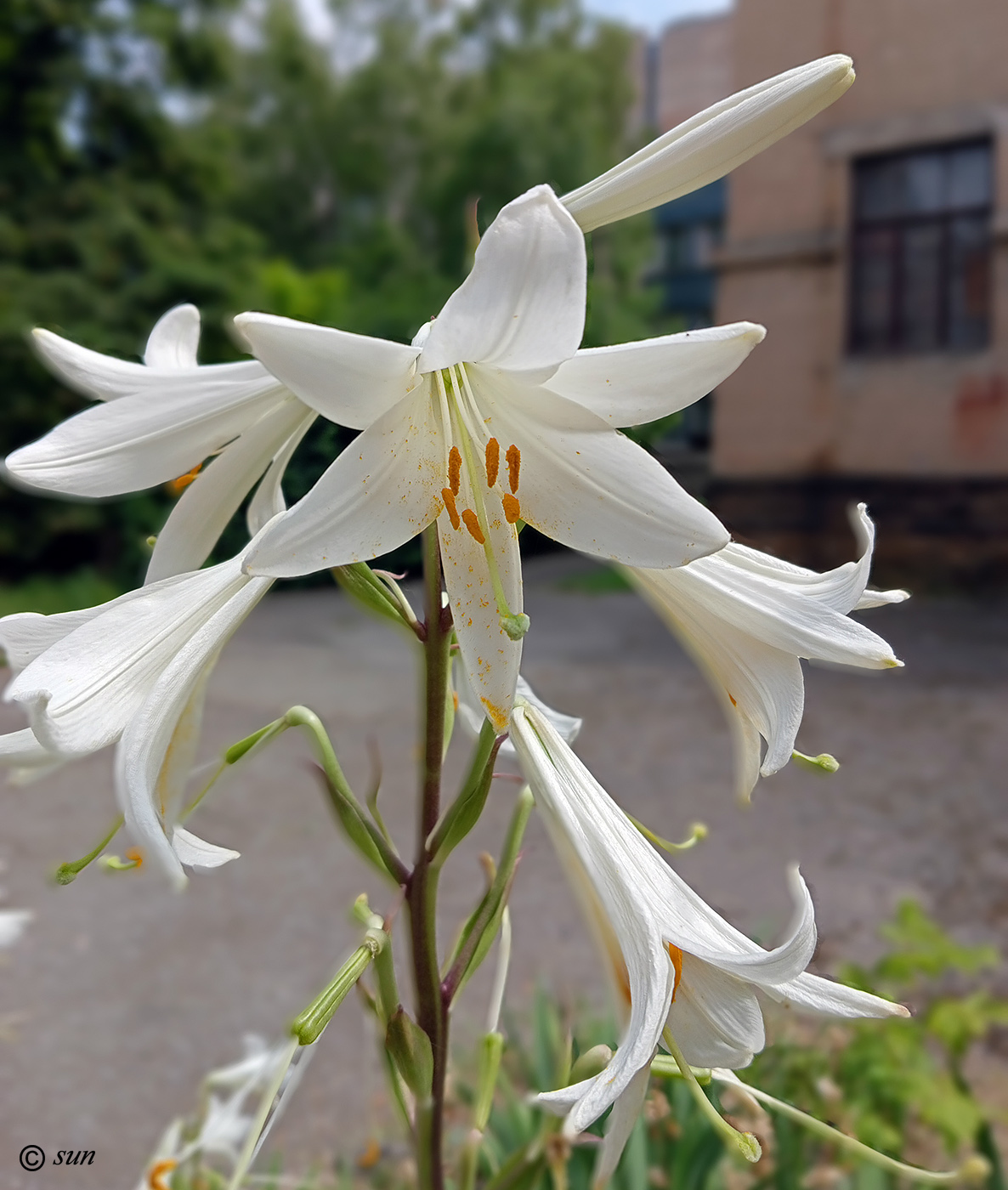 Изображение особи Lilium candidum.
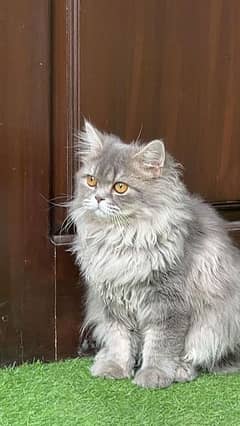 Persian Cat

+--

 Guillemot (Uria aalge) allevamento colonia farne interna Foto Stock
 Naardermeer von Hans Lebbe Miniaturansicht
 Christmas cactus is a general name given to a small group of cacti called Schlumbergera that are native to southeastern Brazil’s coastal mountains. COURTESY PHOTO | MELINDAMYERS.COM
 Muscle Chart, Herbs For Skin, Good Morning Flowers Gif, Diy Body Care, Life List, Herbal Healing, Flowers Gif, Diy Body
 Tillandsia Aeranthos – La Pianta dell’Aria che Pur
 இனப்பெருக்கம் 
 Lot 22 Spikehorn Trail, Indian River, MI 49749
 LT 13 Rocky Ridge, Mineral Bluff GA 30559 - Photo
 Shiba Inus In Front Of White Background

+--

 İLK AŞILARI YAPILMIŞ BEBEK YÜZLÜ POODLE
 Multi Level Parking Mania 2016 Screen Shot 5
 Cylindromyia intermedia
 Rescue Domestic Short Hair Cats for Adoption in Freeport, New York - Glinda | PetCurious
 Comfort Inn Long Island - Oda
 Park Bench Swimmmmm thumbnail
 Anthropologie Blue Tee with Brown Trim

+--

◆ Activity
Given the records above, restate word for word only the lines starting at the one with "Lot 22 Spikehorn" and ending at the one with "Shiba Inus In Front Of White Background".

◆ Result
 Lot 22 Spikehorn Trail, Indian River, MI 49749
 LT 13 Rocky Ridge, Mineral Bluff GA 30559 - Photo
 Shiba Inus In Front Of White Background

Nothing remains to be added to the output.